Timo Werner im ersten Chelsea-Jahr: Unglücklicher Chancentod
Eins muss man Timo Werner lassen. Der 25-Jährige macht alles richtig. Er läuft unermüdlich. Er spielt mannschaftsdienlich. Er gibt sich in Interviews ob seiner Abschlussschwäche abgeklärt: "Mich haut so schnell wirklich nichts mehr um", sagte er etwa zu Sport1 und sprach davon, dass sein Fell "etwas dicker" geworden sei.
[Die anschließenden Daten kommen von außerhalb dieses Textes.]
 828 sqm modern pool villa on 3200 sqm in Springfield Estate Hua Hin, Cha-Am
Sogar mit Humor versucht er es. Als ihn Thiago Silvas Ehefrau nach dem Halbfinal-Hinspiel gegen Real Madrid ob einer vergebenen Chance als "Wurm" tituliert hatte, nur um schnell zurückzuziehen und ihn eine Woche später überschwänglich zu loben, stellte Werner fest: "Es ist das schönste, wenn die Frauen daheim zufrieden sind." Und ja, er sei im Hinspiel ja auch der "Depp" gewesen.
Leider macht Werner dieser Tage nur abseits des Platzes alles richtig. Auf dem Platz läuft er vor allem unermüdlich ins Abseits - oder auf die falsche Spielfeldseite. Spielt so mannschaftsdienlich, dass er abspielt wenn er schießen und schießt wenn er abspielen sollte. Und wenn er mal trifft, dann ist es gefühlt immer Abseits, Handspiel oder gleich beides.
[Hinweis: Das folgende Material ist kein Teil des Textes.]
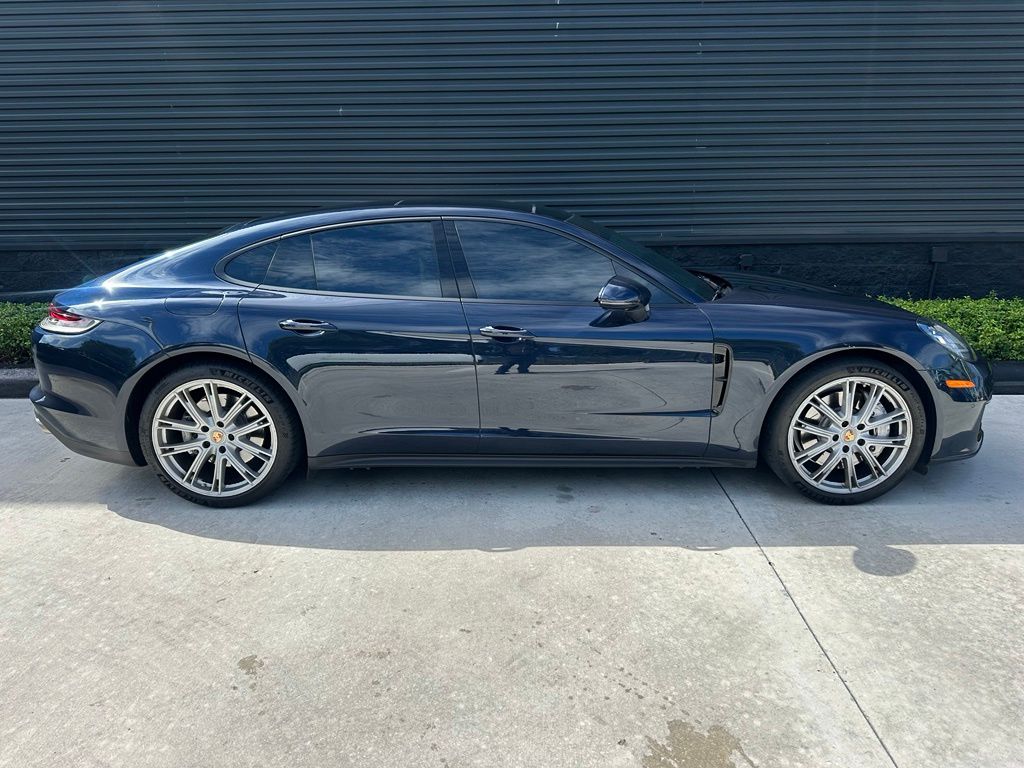 Thumbnail: 2021 Porsche Panamera - 11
"Für mich war es die unglücklichste Saison, die ich jemals hatte und wohl auch haben werde, denn schlimmer kann es nicht werden", stöhnte er nach dem 2:1 gegen Leicester City, als seine Treffer zum wiederholten Male nicht zählen wollten.
Auf der Insel gibt es kein Äquivalent zum deutschen Begriff "Chancentod", sonst hätte ihn Werner wohl längst weg. Stattdessen zeigt sich in den sozialen Medien ein Mix aus Mitleid und Belustigung - wobei das Unverständnis darüber, dass Trainer Thomas Tuchel seinem Landsmann eisern die Treue hält und für Tammy Abraham teilweise nicht einmal mehr Platz im Kader ist, durchaus wächst.
Timo Werner: Er spielt auch für Bundestrainer Jogi Löw vor
Da hilft es nicht, dass Werner darauf verweisen kann, dass er mit 12 Toren und 15 Vorlagen Chelseas bester Scorer ist. Sein Selbstvertrauen ist im Keller, man sieht es an fast jeder Aktion, an fast jedem Abschluss. Dazu kommt: Niemand ärgert sich so telegen über vergebene Chancen wie der normalerweise so treuherzig dreinschauende Werner. Dass er den Killerinstinkt vor dem Tor hat, hat er in Leipzig zur Genüge bewiesen. Ansehen kann man ihn dem Deutschen nicht.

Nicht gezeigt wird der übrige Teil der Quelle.